Records provided
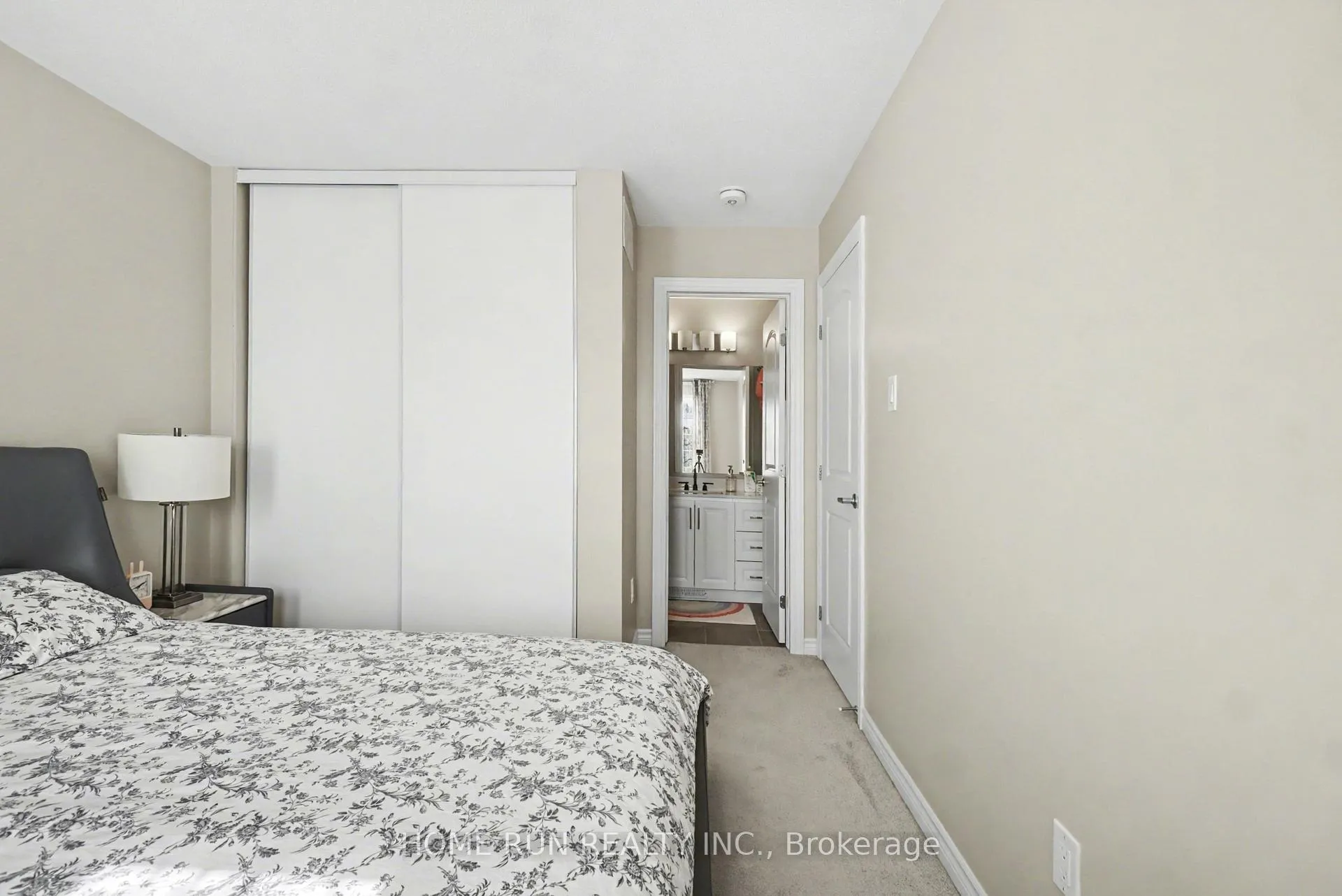 Photo 23 of 111 Mesa Drive, Ottawa, Barrhaven - Half Moon Bay — HOMEH
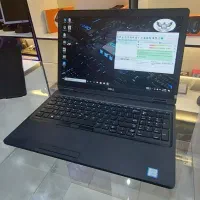 Dell Latitude 5580|رایانه همراه|محمدیه-قزوین, |دیوار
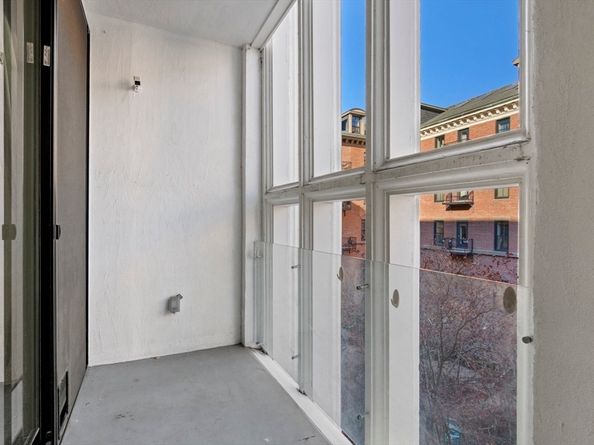 771 Harrison Ave 304, Boston MA 02118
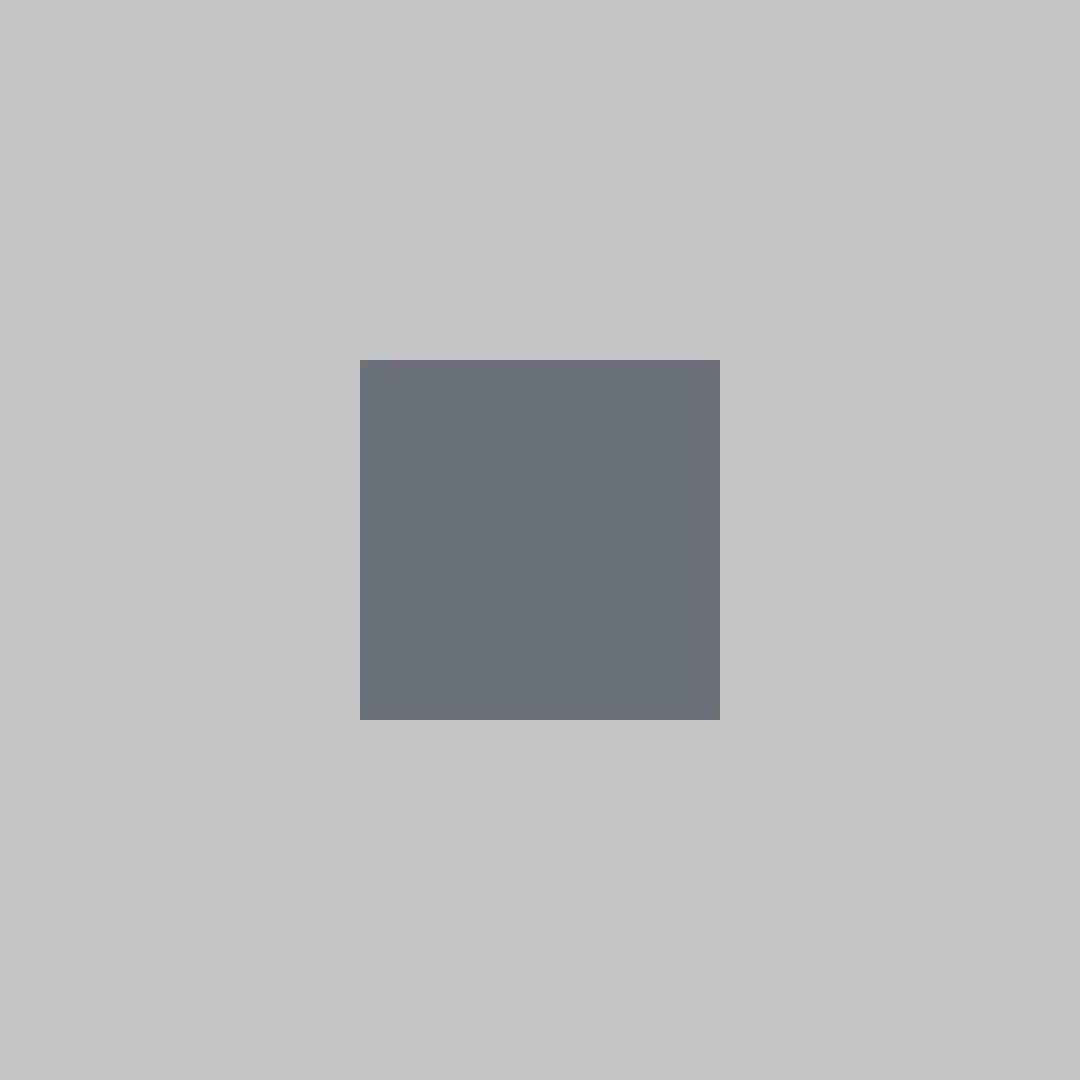 Puzzle image 1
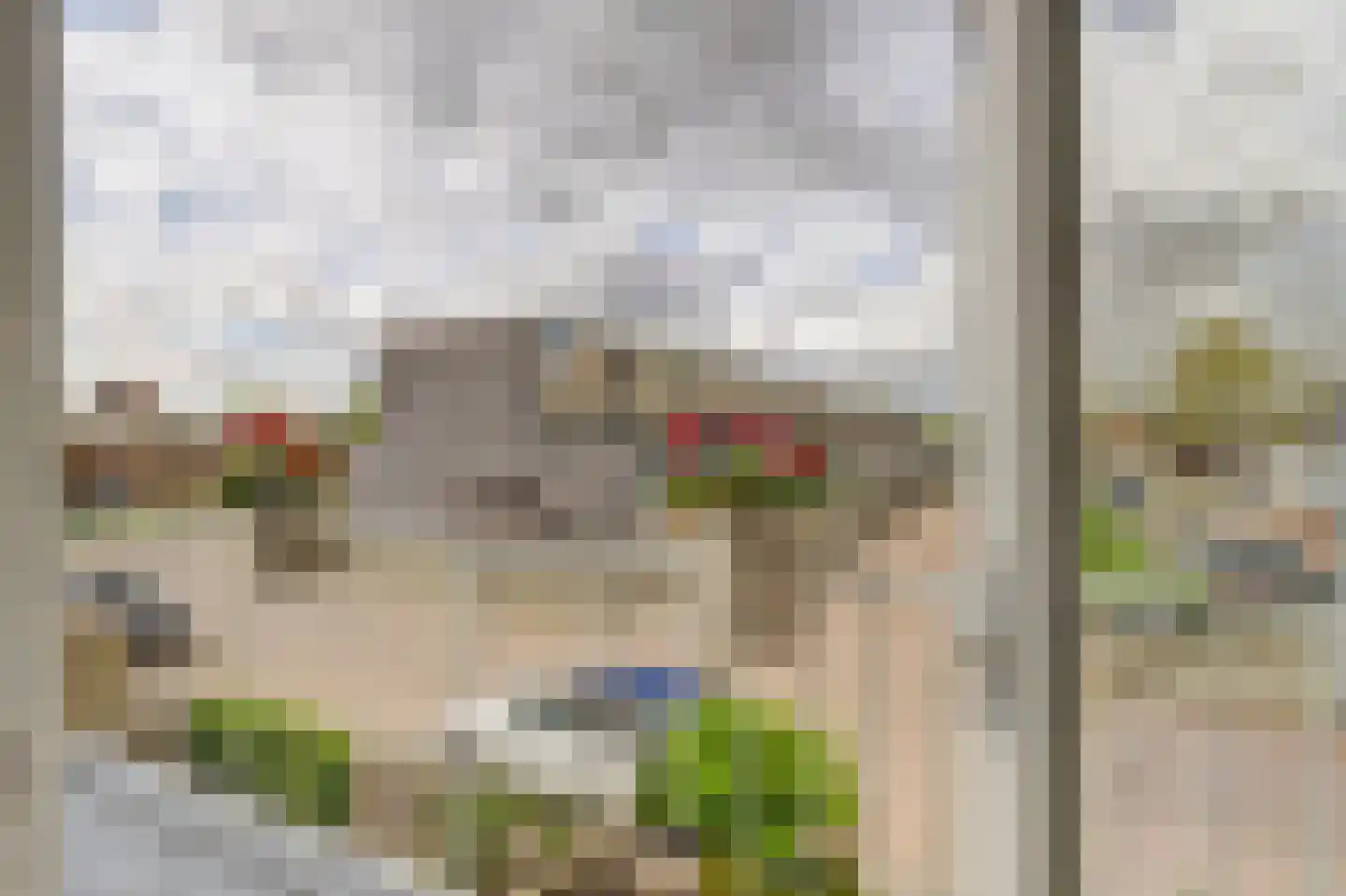 de Mérodestraat 3 Zwijndrecht thumbnail 21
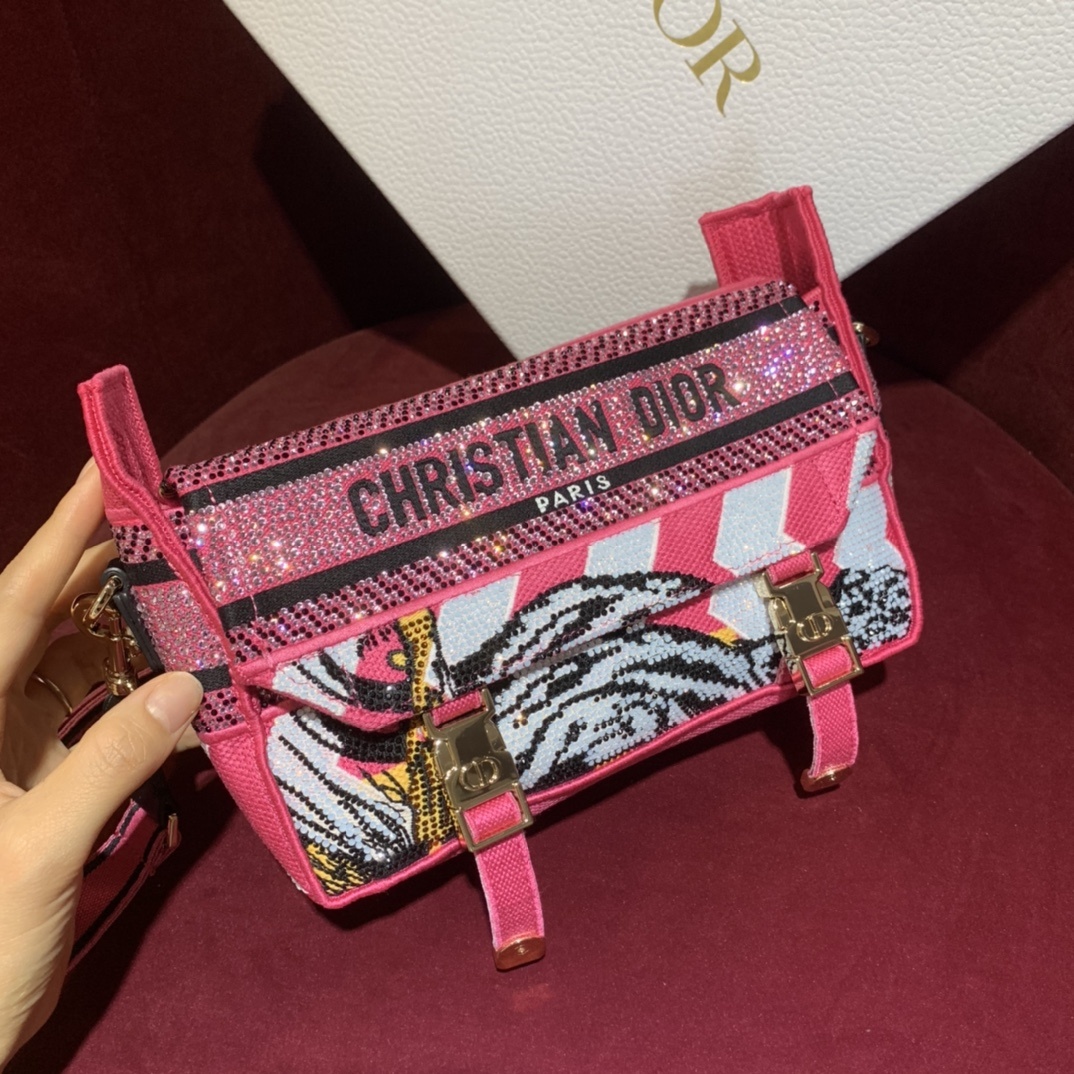 7e651549f7e1d76ab5ed23c7a244e3d6_1657016986_3433.jpg 7e651549f7e1d76ab5ed23c7a244e3d6_1657016986_3433.jpg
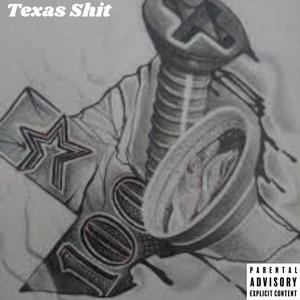 Texas **** (Explicit)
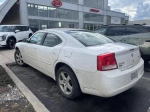 2010 Dodge Charger SE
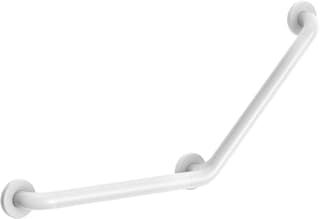 Delabie - Handgreep aangepast sanitair Greep 135 400X400 3 Bev Wt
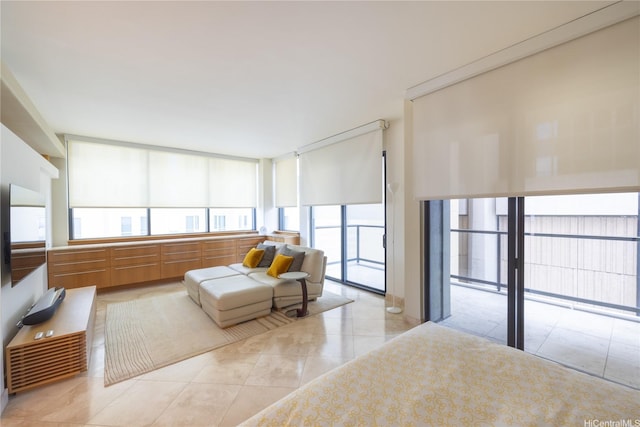 1199 Bishop St Unit 15A, 15B, Honolulu, HI 96813 - photo 8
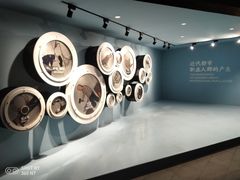 -张之洞与武汉博物馆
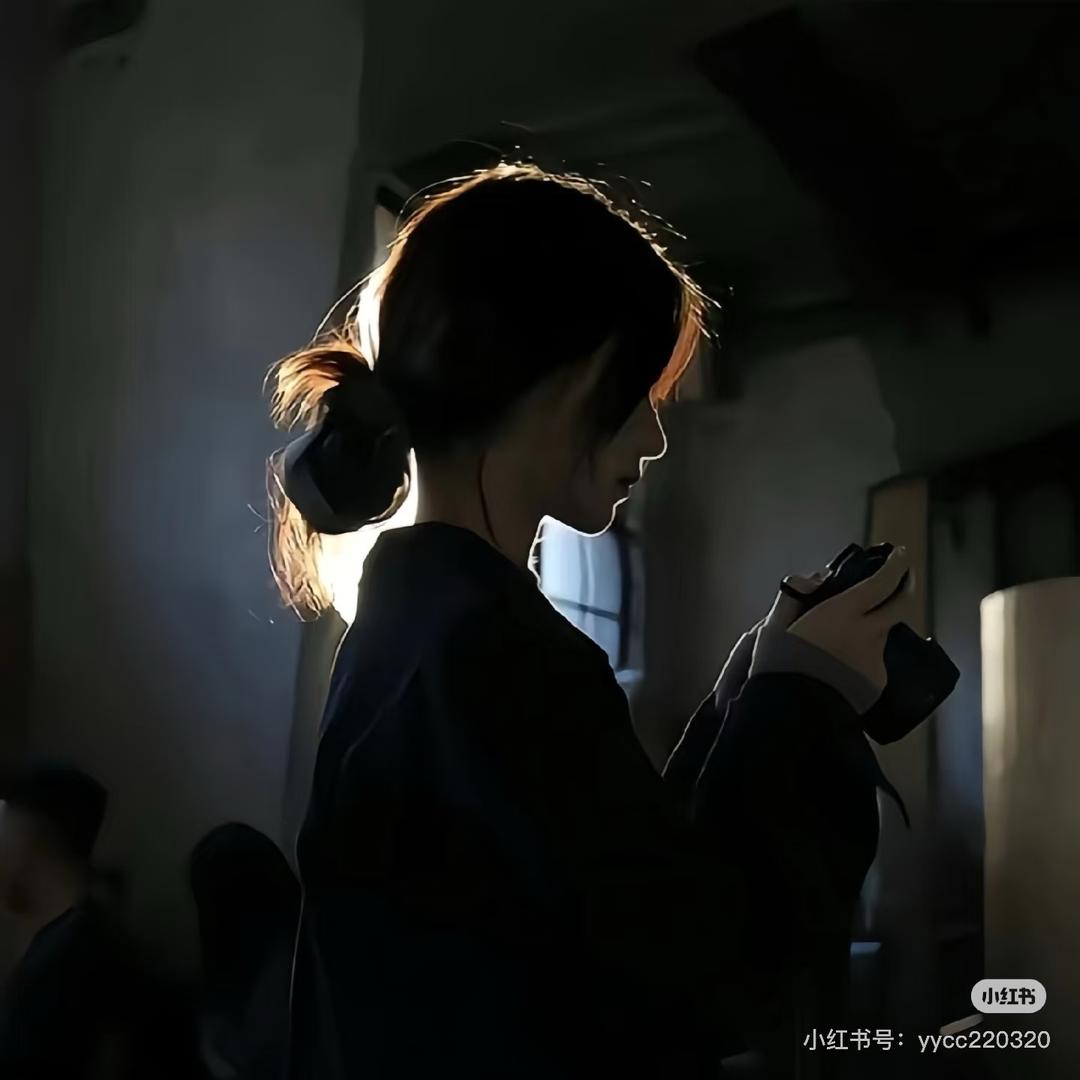 开到荼蘼
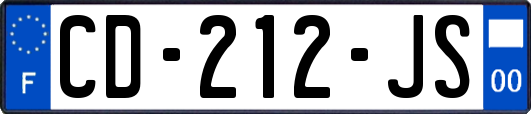 CD-212-JS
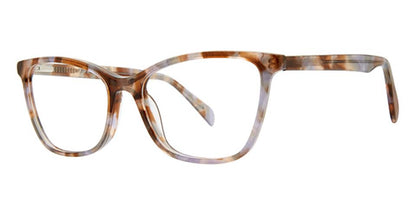 Vivid Splash 81 Eyeglasses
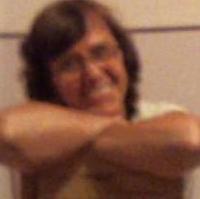 Profilbild von Rosemarie Piot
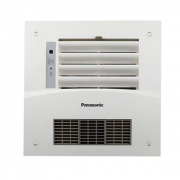 松下（Panasonic）  FV-RB16UA 风暖型浴霸
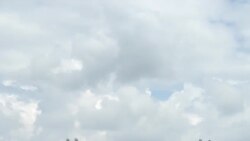 Amerika Serikat Beri Hibah Rp157 Miliar ke Otorita IKN
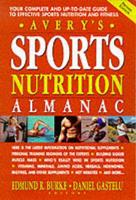 Avery's Sports Nutrition Almanac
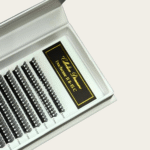 Plumes ( Collection Démesure)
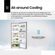 imageUrl_6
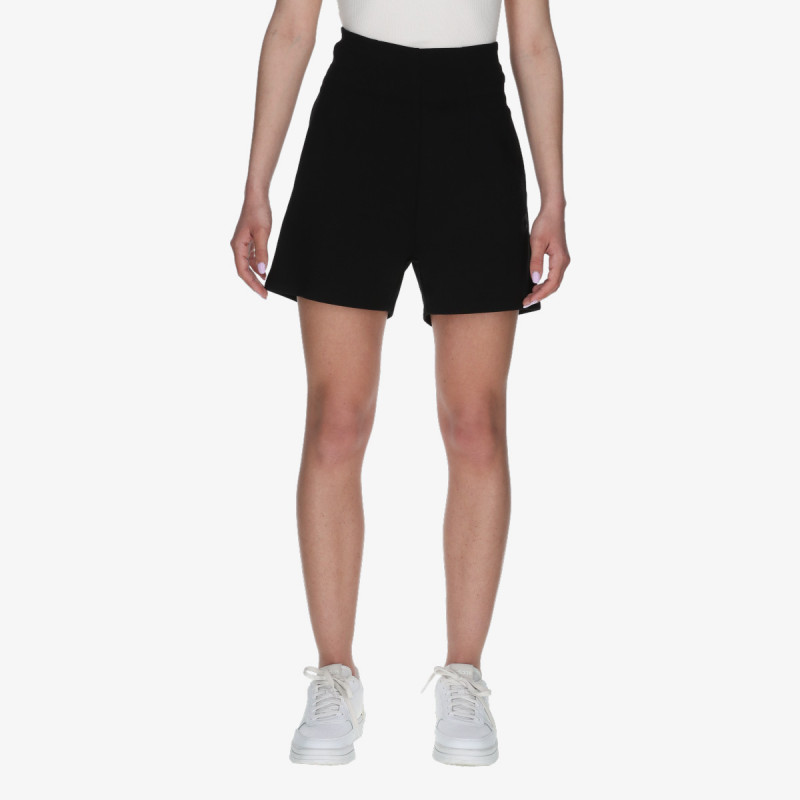 1753703036-25 1753703036-25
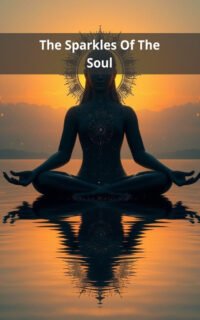 The Sparkles Of The Soul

Task requirements
Produce an exact copy of the lines from the line with "Avery's Sports Nutrition Almanac" through the last line of the data above, both ends included. No pictures belong in it.

Reply
 Avery's Sports Nutrition Almanac
 Plumes ( Collection Démesure)
 imageUrl_6
 1753703036-25 1753703036-25
 The Sparkles Of The Soul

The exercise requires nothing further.